Con estrema grazia e delicatezza, mette in scena il rapporto tra due fratelli che non potrebbero essere più diversi e che, in un momento di difficoltà, si ritrovano.

Idea già collaudata ma vuoi per la sceneggiatura scritta con grande finezza, vuoi per la splendida coppia di attori formata da Riccardo Scamarcio e Valerio Mastandrea, il film cattura l'attenzione dello spettatore, portandolo nei meandri di due diverse esistenze e due diverse reazioni, entrambe delineate in maniera assai realistica e toccante.

Euforia, che nasce da esperienze indirette, come ha spiegato la stessa regista, mette in scena la forza d'animo, omaggia Roma e tocca le corde più profonde della sensibilità, senza però scadere in facili sentimentalismi ma anzi, ammantando la narrazione di un umorismo di fondo di cui si fa portavoce il personaggio di Scamarcio, nel ruolo a lui congeniale di uomo goliardico e puerile.

Matteo è infatti tutto sesso, droga, centrifughe ed estrema vanità - si fa addirittura la plastica ai polpacci.
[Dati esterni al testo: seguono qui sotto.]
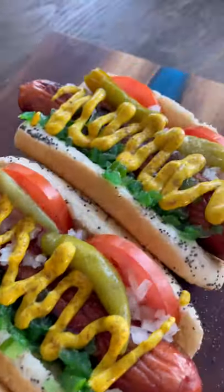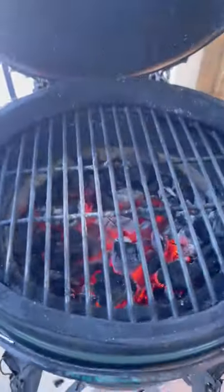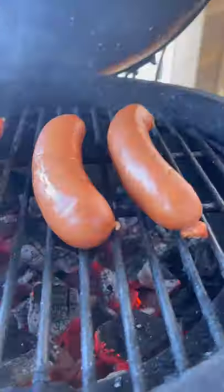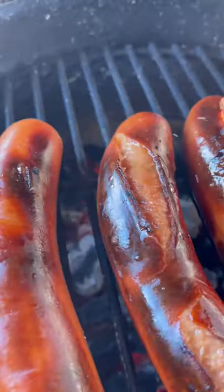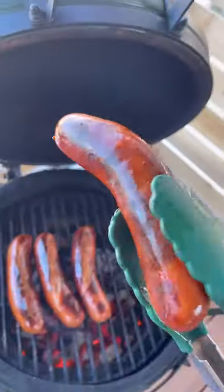Let's make some fully loaded Chicago-style hot dogs. I'm using duck, beef, and pork hot dogs with added duck fat, and they are delicious. I hit them on the Big Green Egg Mini Max directly over charcoal, flipping every minute or so to get that nice color and char on the outside. This one sprung a leak — got a little self-basting action going — and now these are almost ready to put together.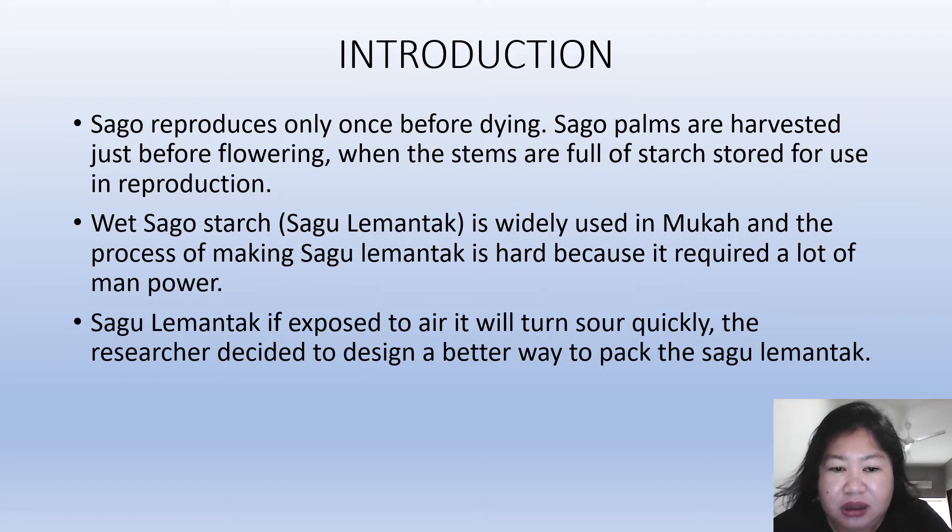Wet sago starch, which we call sago lemantak, is widely used in Mukha. The process of making sago lemantak is hard because it requires a lot of manpower. Furthermore, if exposed to air, sago lemantak will turn sour quickly. So the researcher decided to design a better way to quickly process the sago lemantak.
Ma la sua superficialità nasconde un affetto di fondo. Ettore al contrario è molto introverso: è separato da tempo da Michela, ovvero Isabella Ferrari, dalla quale ha avuto un figlio ed ha una nuova, giovanissima compagna, interpretata da Jasmine Trinca. Parla poco e non si unisce ai continui festini organizzati dal fratello. Ma anche lui è estremamente bisognoso di empatia.
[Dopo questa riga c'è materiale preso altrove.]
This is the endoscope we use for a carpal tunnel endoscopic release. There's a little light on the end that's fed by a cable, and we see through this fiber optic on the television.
Lo stile della Golino rimane quello intimo e curato di Miele: inizialmente la ripresa a spalla ci conduce prepotentemente nelle case dei protagonisti, poi i movimenti si fanno più fluidi e la stessa vicenda prende a dipanarsi attraverso la nuova convivenza forzata di Matteo ed Ettore – un Mastandrea che qui ritrova il suo più tipico ruolo drammatico - in un turbine di fragilità ed euforia. Le discussioni si alternano a scene esilaranti come il gabbiano che perde il pesce il quale, a sua volta, cade in testa a Scamarcio. Ma così è la vita: fatta di alti e bassi, di sicurezza e insicurezza, di gioie e dolori, di risate e pianti. L'importante è non rimanere soli.
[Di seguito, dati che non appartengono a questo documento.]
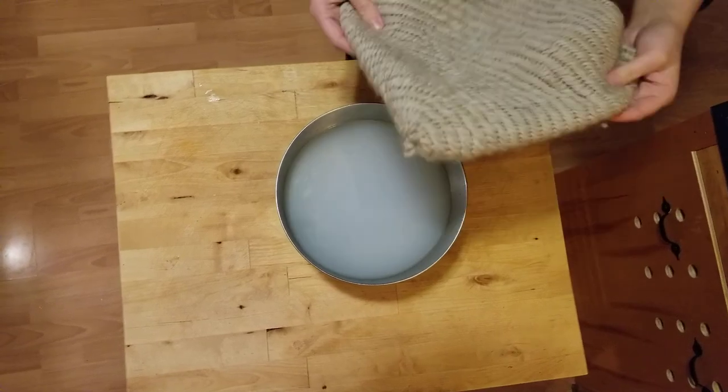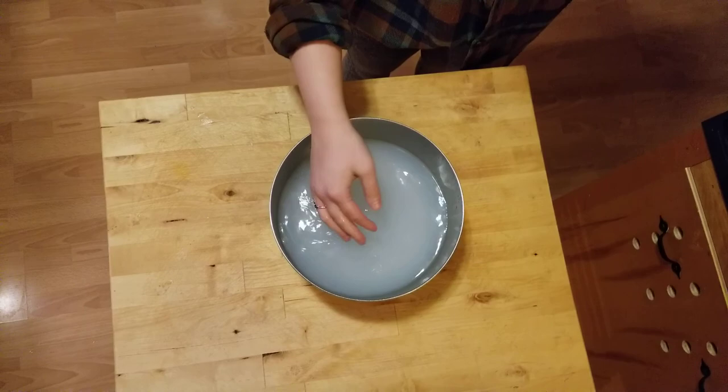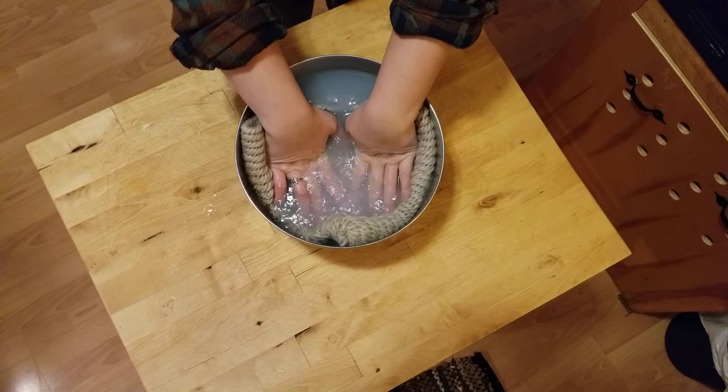This is the hat that I have knitted with the York stitch and we are now going to felt it. This is just some warm soapy water with a little bit of soap, so get it wet.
Per le tematiche, per l'intimità con cui sono trattate e per la sacralità, riscontrabile soprattutto nella sequenza in cui i due fratelli si recano a Medjugorie, l'opera seconda della Golino ricorda certa filmografia di Ferzan Ozpetek.

Ma con Euforia la regista alza l'asticella e affronta un altro aspetto dell'etica: non più il concetto di fine-vita come in Miele ma le famigerate “bugie a fin di bene”. Il film illustra proprio il rapporto dei protagonisti con questa idea, di protezione da un lato, di emarginazione dall'altro.

Commovente e divertente al tempo stesso: un bella storia che, sebbene non del tutto originale, fa leva su un buon cast e su una descrizione molto accurata dei protagonisti. Bellissima e poetica la sequenza del balletto di Stanlio e Ollio in ospedale.